STORED DATA ->
= Beginning of Section =
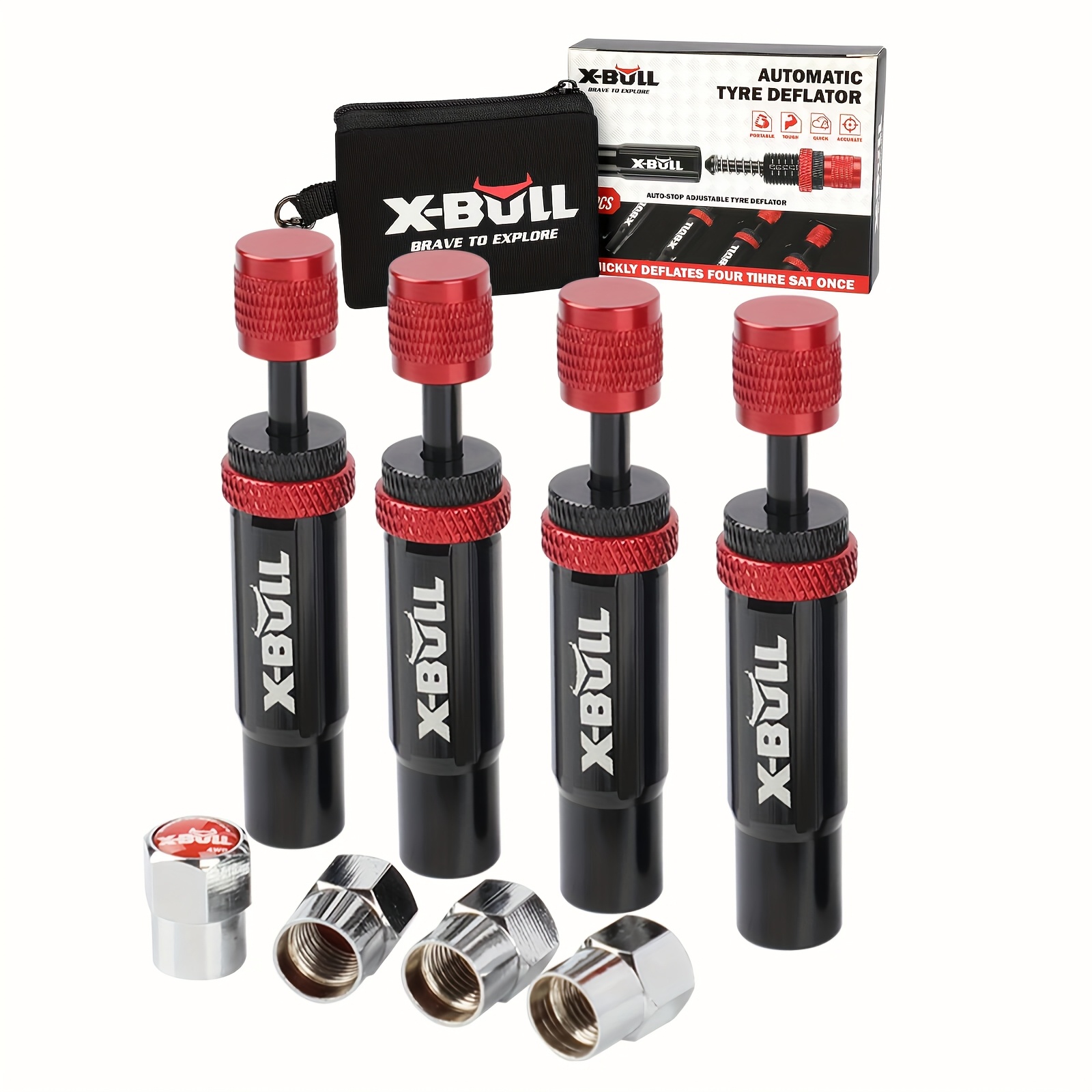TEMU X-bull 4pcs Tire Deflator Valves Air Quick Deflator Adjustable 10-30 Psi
= End of Section =
= Beginning of Section =
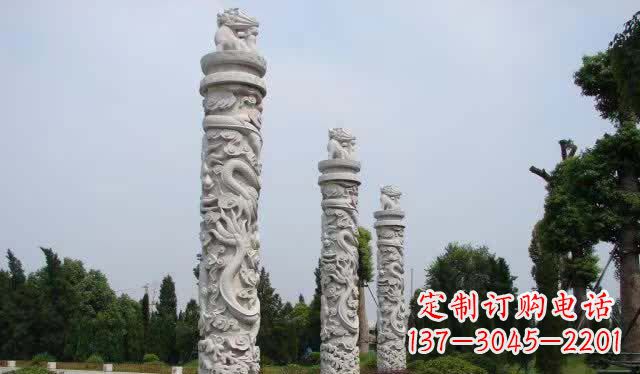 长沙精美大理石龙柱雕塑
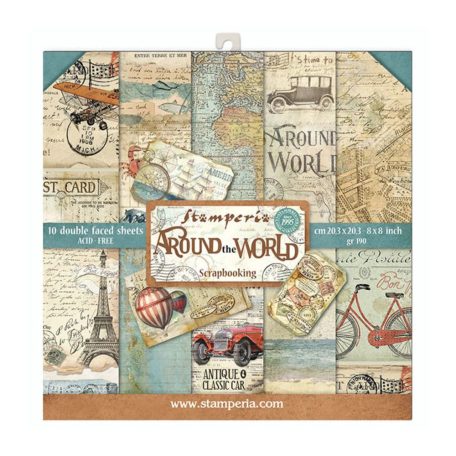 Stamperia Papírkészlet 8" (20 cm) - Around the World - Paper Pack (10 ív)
= End of Section =
= Beginning of Section =
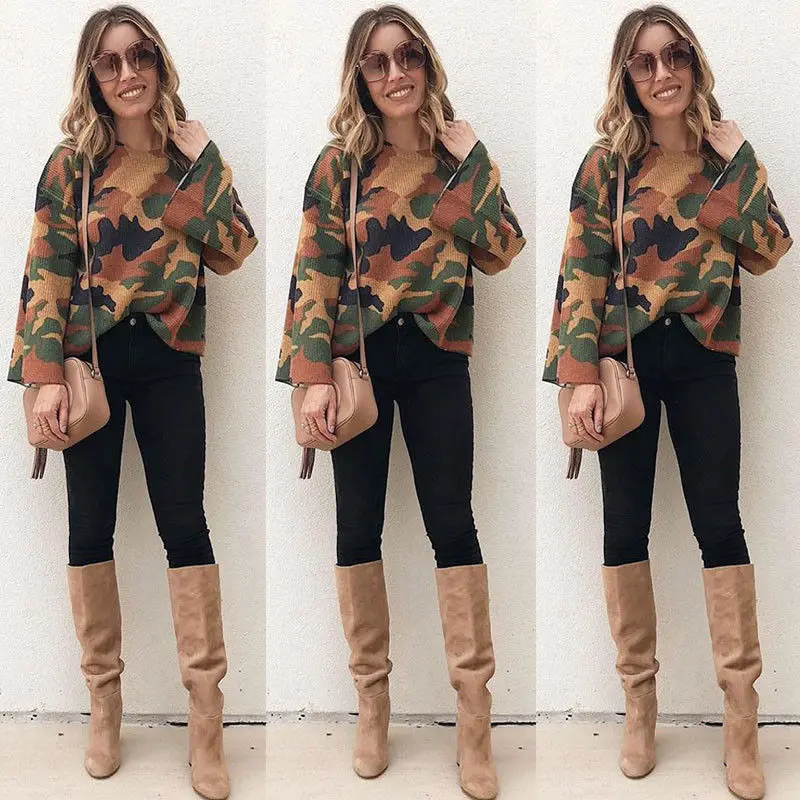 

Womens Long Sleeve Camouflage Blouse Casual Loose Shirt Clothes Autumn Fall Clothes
= End of Section =
YOUR OBJECTIVE ->
Word for word, retype the lines in the entries above that run from the one with "长沙精美大理石龙柱雕塑" through the one with "Pack (10 ív)". Both ends count; pictures do not.

SOLUTION ->
 长沙精美大理石龙柱雕塑
 Stamperia Papírkészlet 8" (20 cm) - Around the World - Paper Pack (10 ív)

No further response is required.